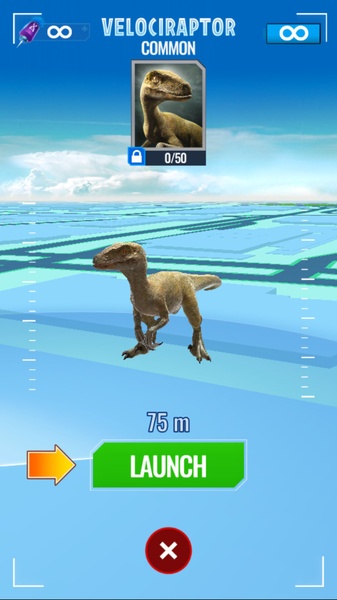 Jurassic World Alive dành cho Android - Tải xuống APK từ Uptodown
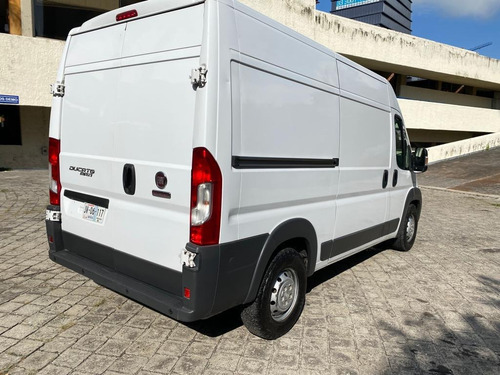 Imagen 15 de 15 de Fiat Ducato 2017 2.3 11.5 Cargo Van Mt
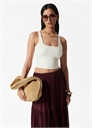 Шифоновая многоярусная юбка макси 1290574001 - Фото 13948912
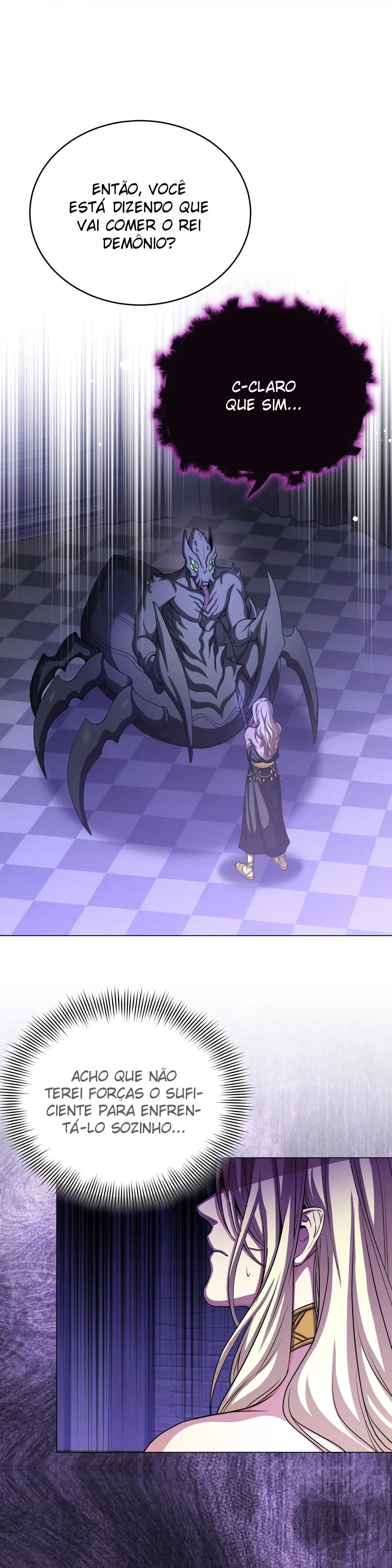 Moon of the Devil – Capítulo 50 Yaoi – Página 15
...
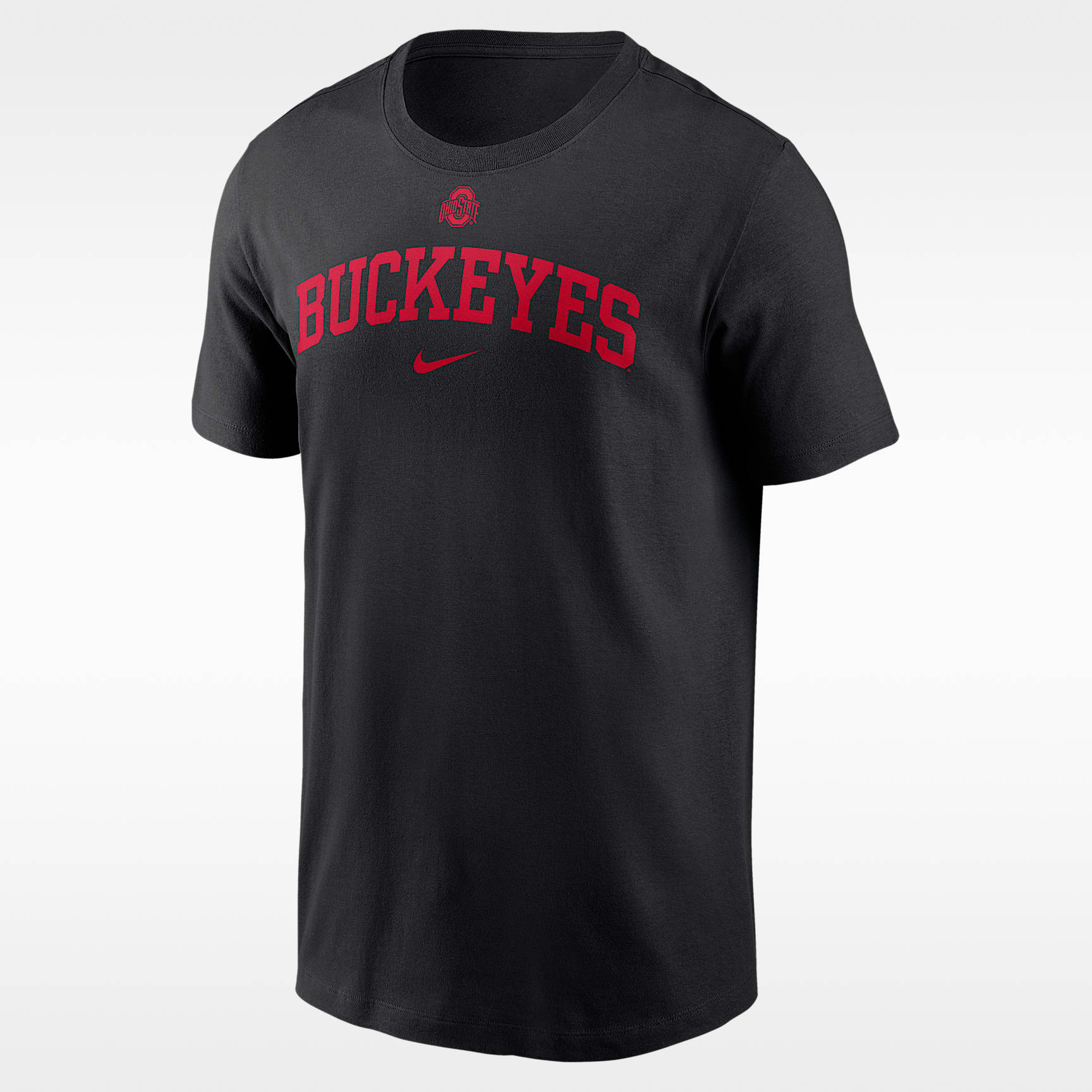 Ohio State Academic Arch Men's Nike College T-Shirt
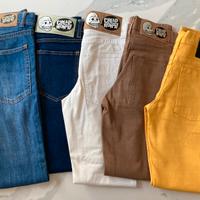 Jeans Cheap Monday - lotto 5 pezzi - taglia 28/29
--
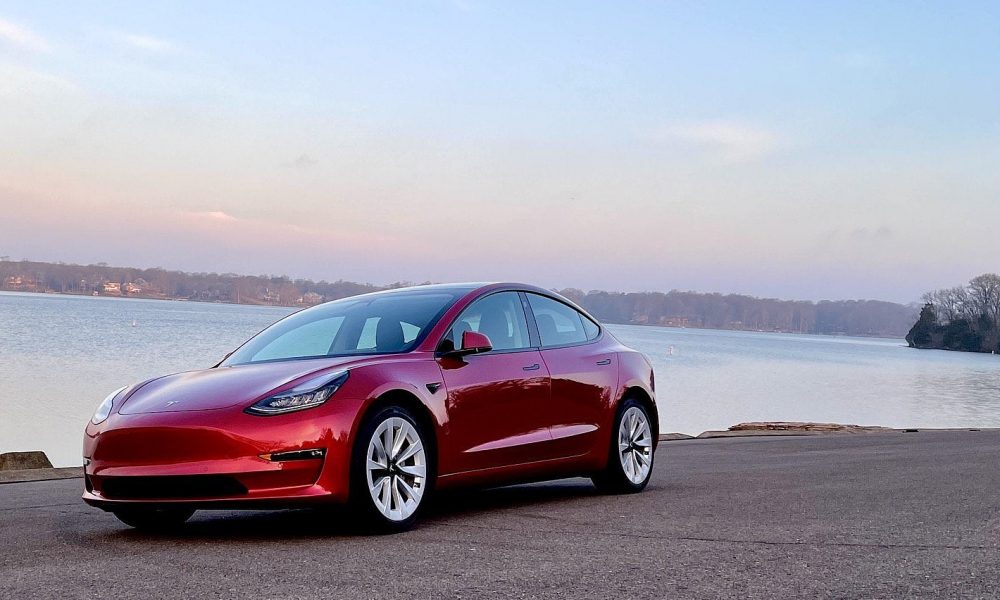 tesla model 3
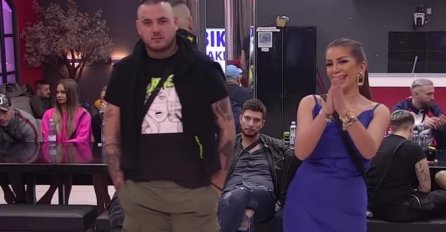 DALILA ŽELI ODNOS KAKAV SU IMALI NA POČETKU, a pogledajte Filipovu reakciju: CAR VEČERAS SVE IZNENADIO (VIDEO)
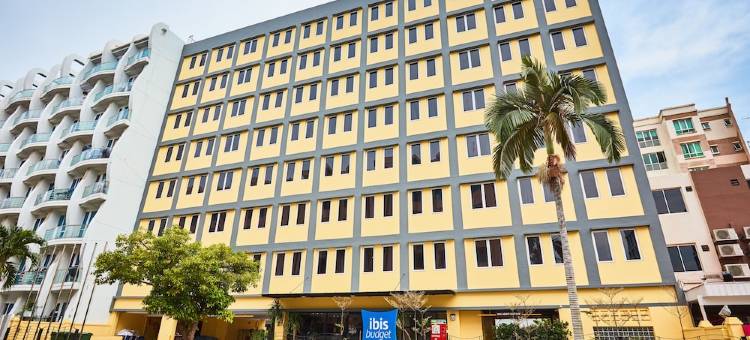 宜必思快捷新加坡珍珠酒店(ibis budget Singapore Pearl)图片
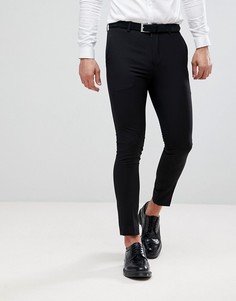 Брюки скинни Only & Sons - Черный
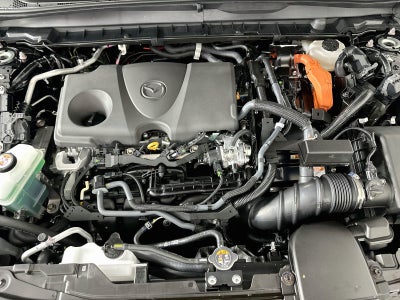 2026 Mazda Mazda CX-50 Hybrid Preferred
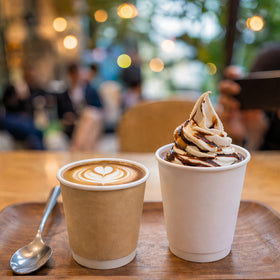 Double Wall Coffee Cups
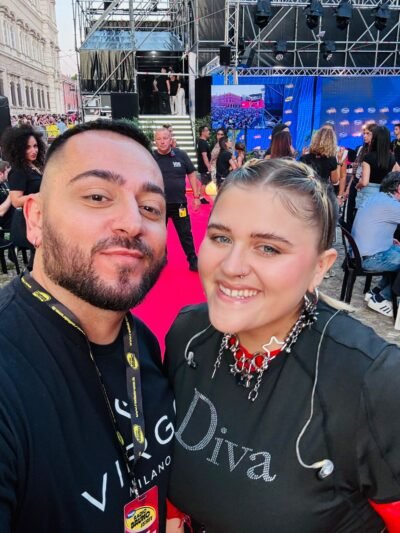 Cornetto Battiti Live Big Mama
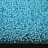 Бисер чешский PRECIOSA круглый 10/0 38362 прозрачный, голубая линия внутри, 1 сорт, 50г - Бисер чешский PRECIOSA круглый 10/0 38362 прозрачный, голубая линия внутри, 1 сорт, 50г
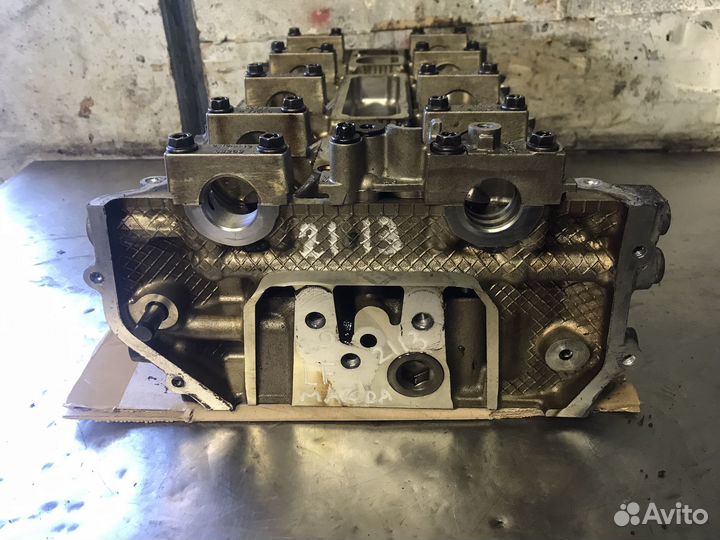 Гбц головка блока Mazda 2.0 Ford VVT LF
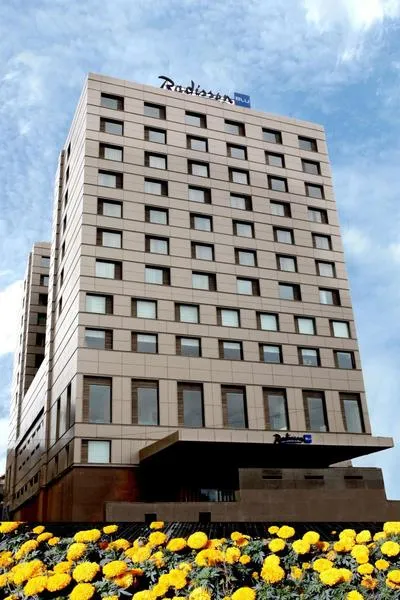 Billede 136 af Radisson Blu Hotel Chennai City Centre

Work order | What you need to produce is an exact copy of the entries above, limited to the lines from the one with "Ohio State Academic" up to and including the one with "Jeans Cheap Monday", without pictures.

Answer |
 Ohio State Academic Arch Men's Nike College T-Shirt
 Jeans Cheap Monday - lotto 5 pezzi - taglia 28/29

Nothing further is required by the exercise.